David Friedman
David FriedmanYonatan Sindel/Flash90

US Ambassador to Israel David Friedman has sought to refer to Judea and Samaria by their biblical names in his official statements and documents, the Associated Press reported.

According to the report, Ambassador Friedman has been prevented from using the names Judea and Samaria by the Trump Administration.

Judea and Samaria formed the heart of biblical Israel. Judea received its name from the tribe of the Davidic dynasty which ruled the southern kingdom from approximately 1000 BCE until 586 BCE, the tribe of Judah. The Jewish people are largely descendants from the inhabitants of the Kingdom of Judah.

Samaria received its name from the Samaritans, who were brought into the land by the Assyrian Empire to replace the exiled inhabitants of the northern Kingdom of Israel. A population of Samaritans still resides in Samaria over 2,500 years later.

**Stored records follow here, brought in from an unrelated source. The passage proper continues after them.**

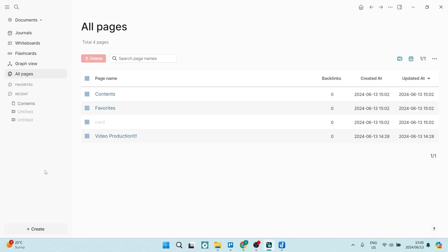So immediately jumping into LogSeq, it makes me feel very comfortable because it's very nicely laid out. The user interface is neat and tidy and I can see that everything's organized on my left hand side over here, including graphs, flashcards, whiteboards and my journal. So what you can do from here basically is start creating.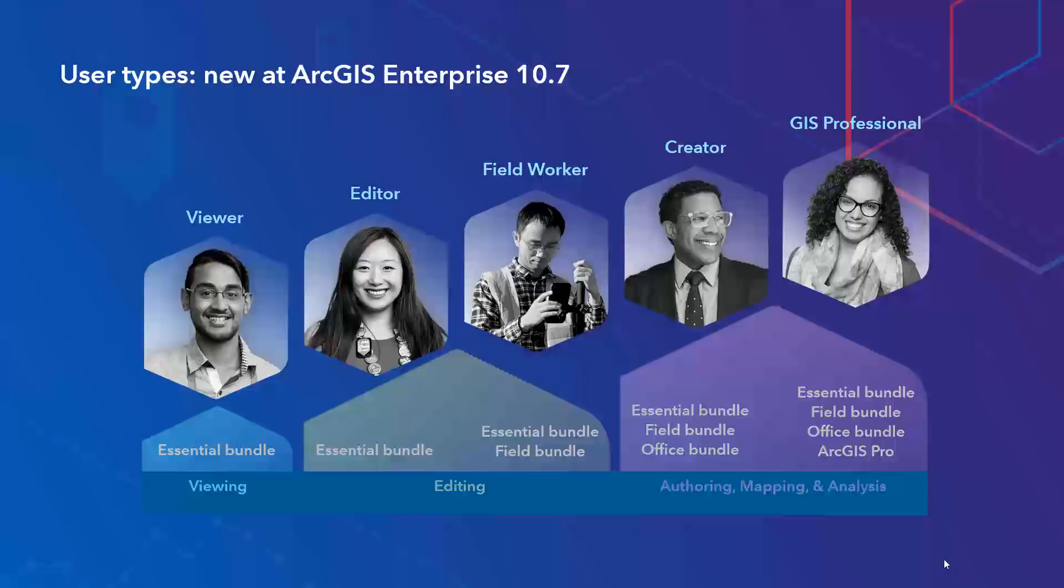There are three other user types that are brand new. Editors for editing data, field workers for contributing to field data collection, and GIS professionals which come with ArcGIS Pro. If you are interested in adding any of these user types to your license terms, please contact your Esri account representative.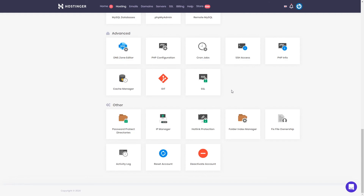I understand that from the first glance it might look a little bit confusing because there are a lot of settings. But most likely you are going to use the settings I already explained to you. So yeah, these are the most important H-Panel settings.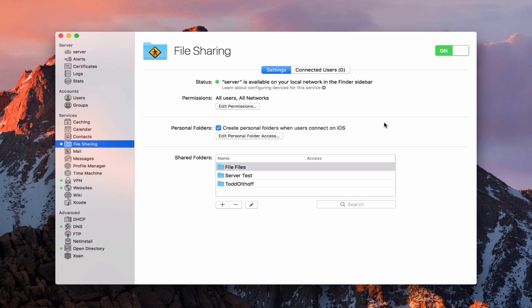Hi, this is Todd Oltoff from ToddOltoff.com, coming back at you with another screencast. This week, we're going to continue our look at file sharing, and I'm going to show you how to connect to your file shares on your Mac. So let me just go ahead and jump right in on that.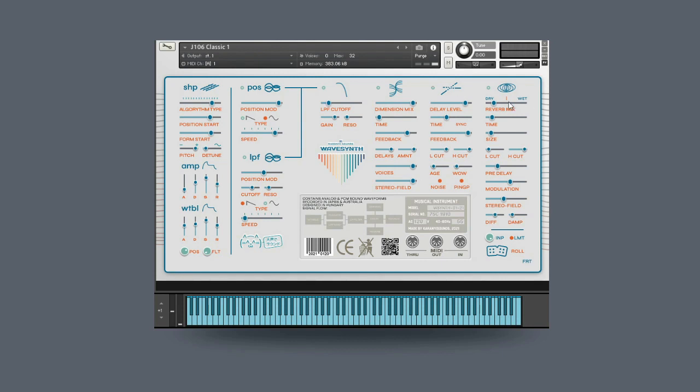And then finally, we have the reverb panel, which allows you to control the reverb mix, the time, the size, low cut and high cut, pre delays, as well as the stereo field, diffusion, and dampening.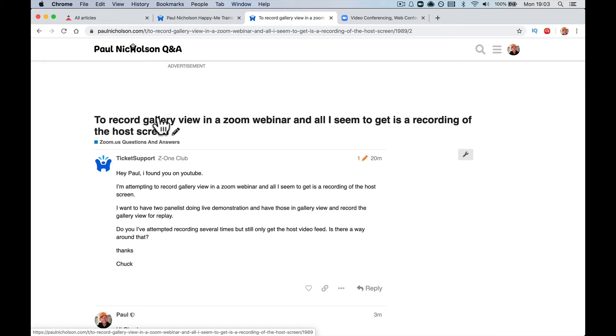Hey guys, it's Paul. I'm just going to answer this question for Chuck. Hey Paul, I found you on YouTube. I am attempting to record gallery view in Zoom webinar and all I seem to get is recording of the host screen. I want to have two panelists doing live demonstration and record the hosting, right? Record the gallery.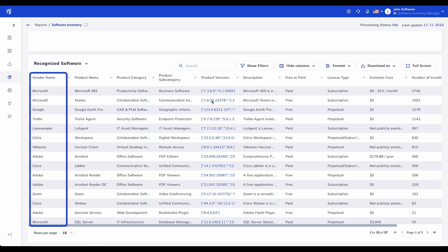Vendor Name: This column lists the software provider for each application. Understanding your vendor landscape is crucial for consolidating contracts, negotiating better deals, and reducing redundancy in your portfolio.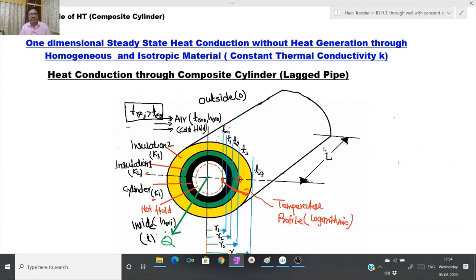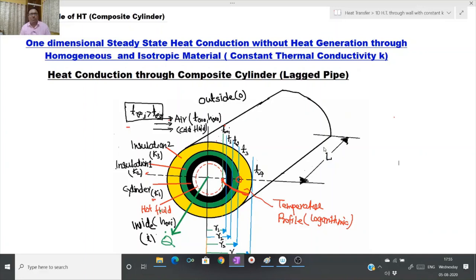What is a composite cylinder? An example is a steam pipe carrying high-pressure steam from a boiler to a turbine. It is provided with two or three layers of insulating materials of different thermal conductivity, and finally a material like plaster is provided over these to make it stronger. The purpose is to prevent heat loss from the steam to the surroundings. Such a pipe is called a composite pipe, sometimes also referred to as a lagged pipe. The process of providing different layers of materials over a base cylinder is called lagging.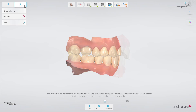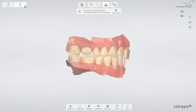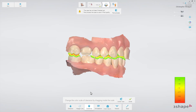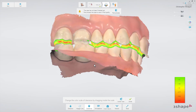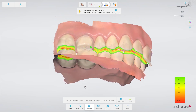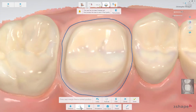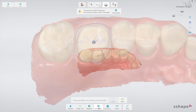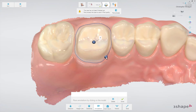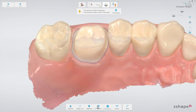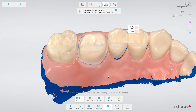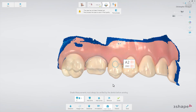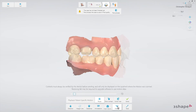Now go to the validation page and confirm that there is enough space for the reconstruction between the upper and lower jaw using the clearance tool. Optionally, you can set the margin line. You can also add some comments on the 3D scan using the annotation tool. Shade measurement is also available here, and dynamic occlusion can be examined here too.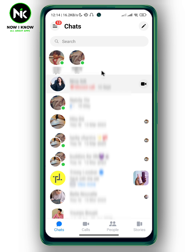The green bubbles appear again. And this is it — this is how to fix Facebook Messenger not showing other friends' active status. Thanks for watching, see ya!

Judea and Samaria are known internationally as the 'West Bank,' a term given to the land by the government of Jordan after Jordan illegally occupied the land in 1948.

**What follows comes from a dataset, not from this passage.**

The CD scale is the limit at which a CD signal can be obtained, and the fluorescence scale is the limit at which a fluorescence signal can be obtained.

While the Trump Administration continues to refer to the territory as the 'West Bank,' last week the State Department dropped the term 'occupied territories' in its annual 'Country Reports on Human Rights Practices.'

Senior officials told the Associated Press that Ambassador Friedman had pushed for the removal of the term 'occupied' when referring to land captured or liberated by Israel in the 1967 Six Day War.

Last September, Ambassador Friedman stated that he believes Jewish communities in Judea and Samaria are part of Israel.

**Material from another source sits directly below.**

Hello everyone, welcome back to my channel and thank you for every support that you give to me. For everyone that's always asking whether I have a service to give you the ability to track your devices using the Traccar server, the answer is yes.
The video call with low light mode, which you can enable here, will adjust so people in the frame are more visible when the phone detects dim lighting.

"I think the settlements are part of Israel,” Friedman said in an interview with the Hebrew-language Walla website.

“I think that was always the expectation when Resolution 242 was adopted in 1967. It remains today the only substantive resolution that was agreed to by everybody,” he added.

“The idea was that Israel would be entitled to secure borders,” said Friedman. “The existing borders, the 1967 borders, were viewed by everybody as not secure, so Israel would retain a meaningful portion of the West Bank, and it would return that which it didn’t need for peace and security.”